* _Task statement_: Your job with the data below: print everything from the line that holds "Home Heritage Cashmere" down to the line that holds "Sibling Toddler Girls", ends included, exactly, and nothing else.

* _Material for the task_:

BEGIN

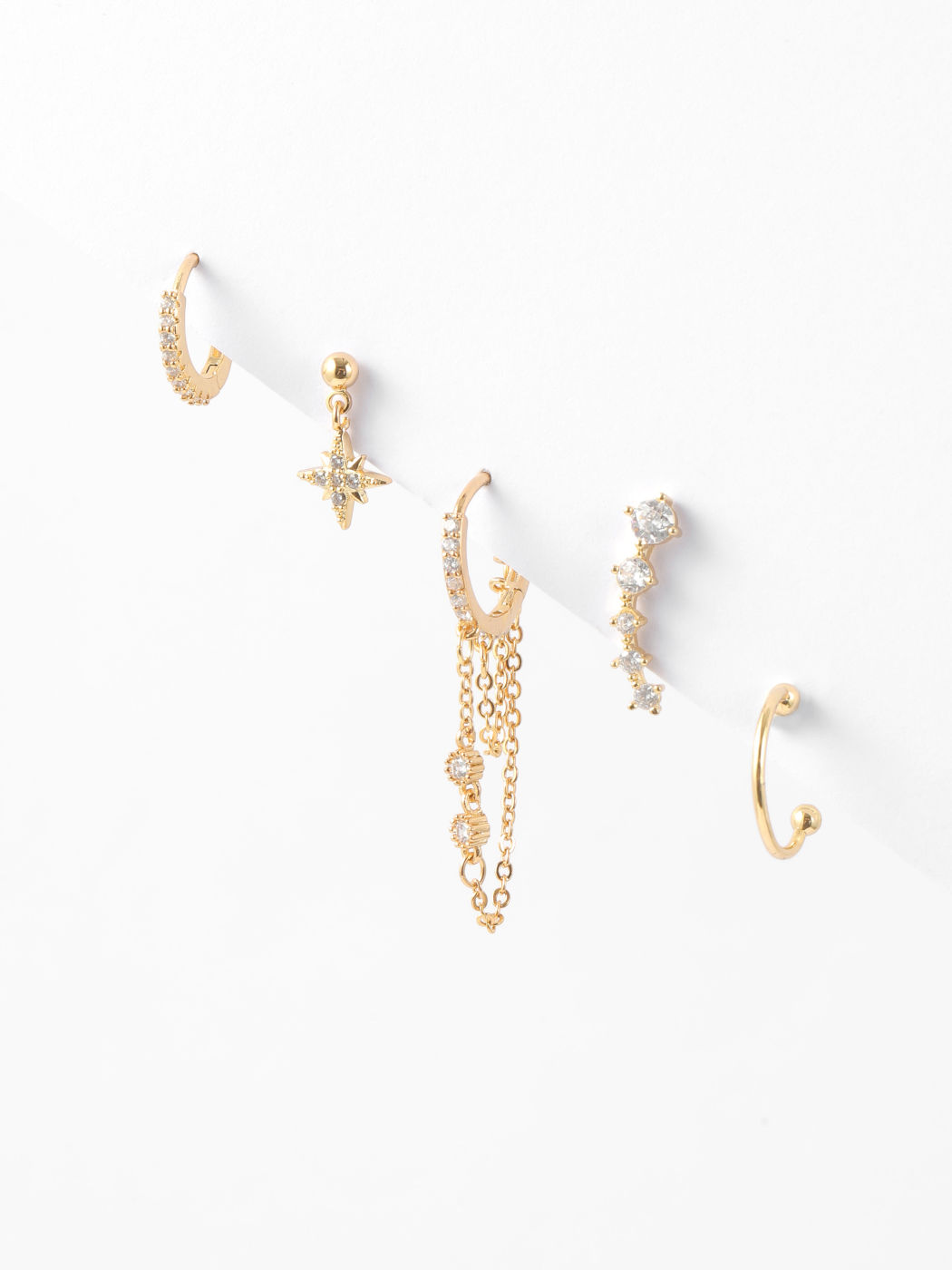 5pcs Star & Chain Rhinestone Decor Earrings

END
BEGIN

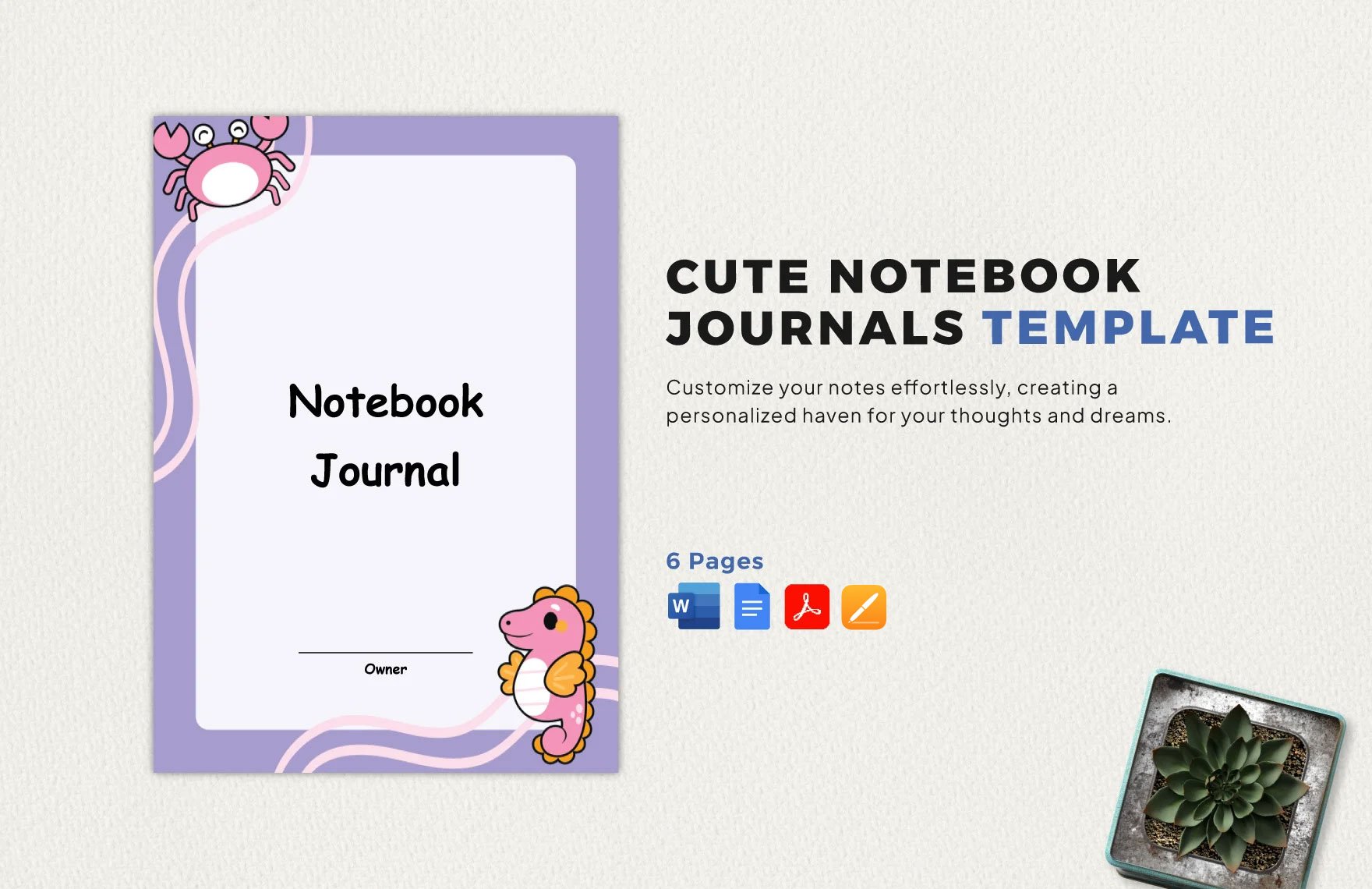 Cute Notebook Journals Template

END
BEGIN

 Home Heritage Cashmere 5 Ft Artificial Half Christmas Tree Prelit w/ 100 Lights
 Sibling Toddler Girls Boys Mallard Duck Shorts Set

END

* _Solution to this problem_:
 Home Heritage Cashmere 5 Ft Artificial Half Christmas Tree Prelit w/ 100 Lights
 Sibling Toddler Girls Boys Mallard Duck Shorts Set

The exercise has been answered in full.